Segment Start: Data segment

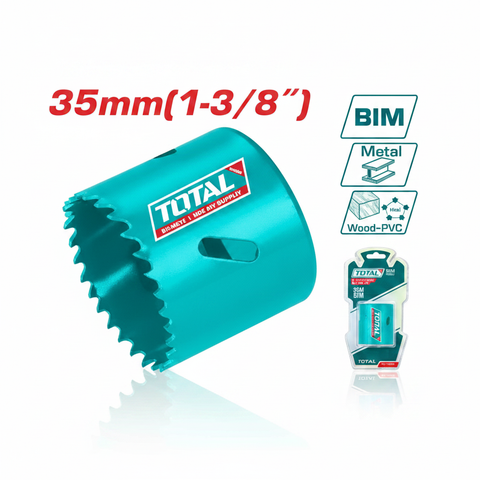 HSS Bi-Metal Hole Saw 35mm for drilling wood and metal – Buy online in Karachi at Offers Wala with fast delivery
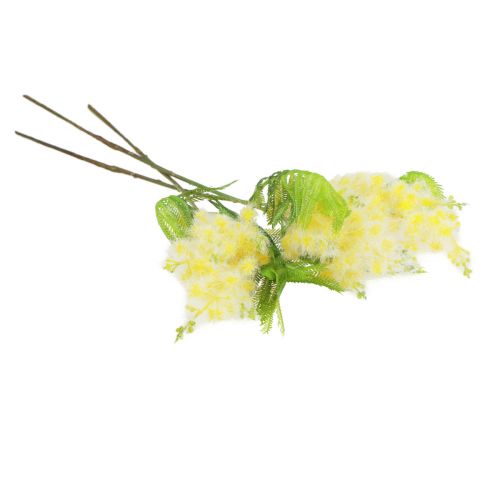 Produkt Sztuczna Roślina Srebrna Akacja Mimoza Żółta Kwitnąca 53cm 3 Szt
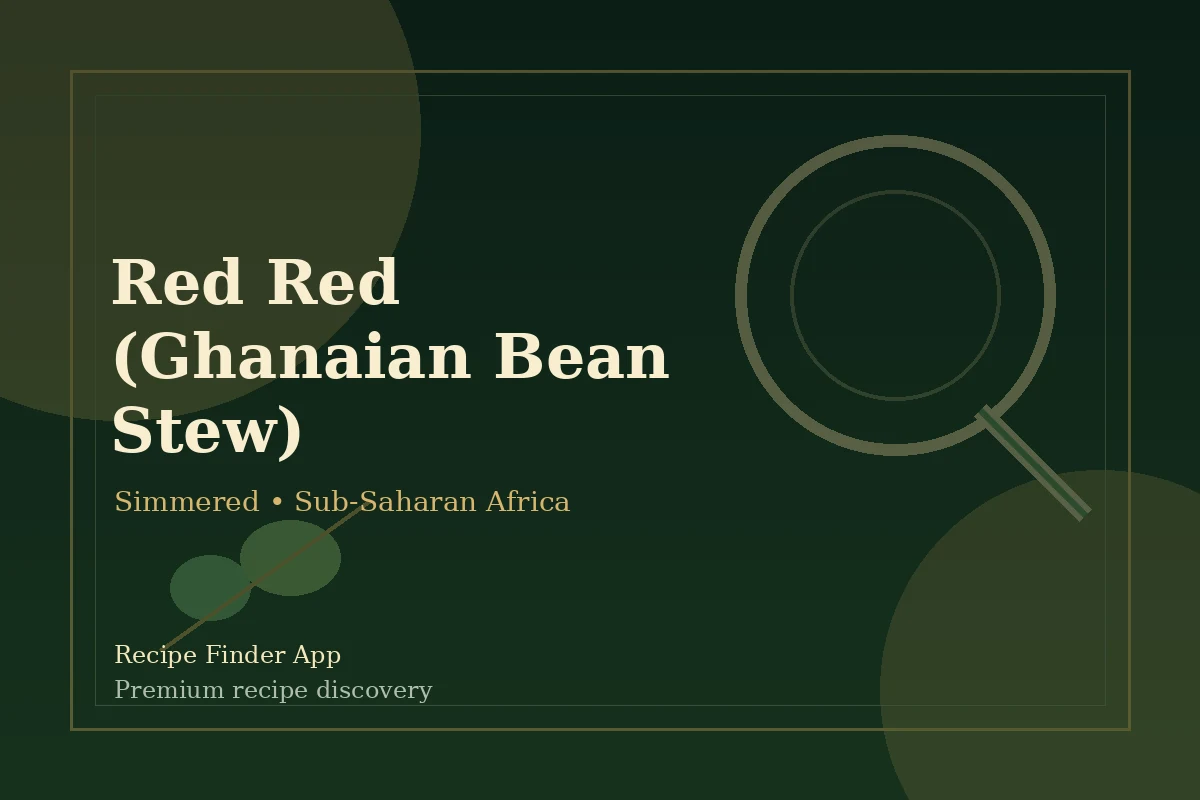 Red Red (Ghanaian Bean Stew) - Simmered recipe image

Segment End: Data segment

**Task goal**
Output the whole listing again, exactly, without its pictures.

**Exercise output**
 HSS Bi-Metal Hole Saw 35mm for drilling wood and metal – Buy online in Karachi at Offers Wala with fast delivery
 Produkt Sztuczna Roślina Srebrna Akacja Mimoza Żółta Kwitnąca 53cm 3 Szt
 Red Red (Ghanaian Bean Stew) - Simmered recipe image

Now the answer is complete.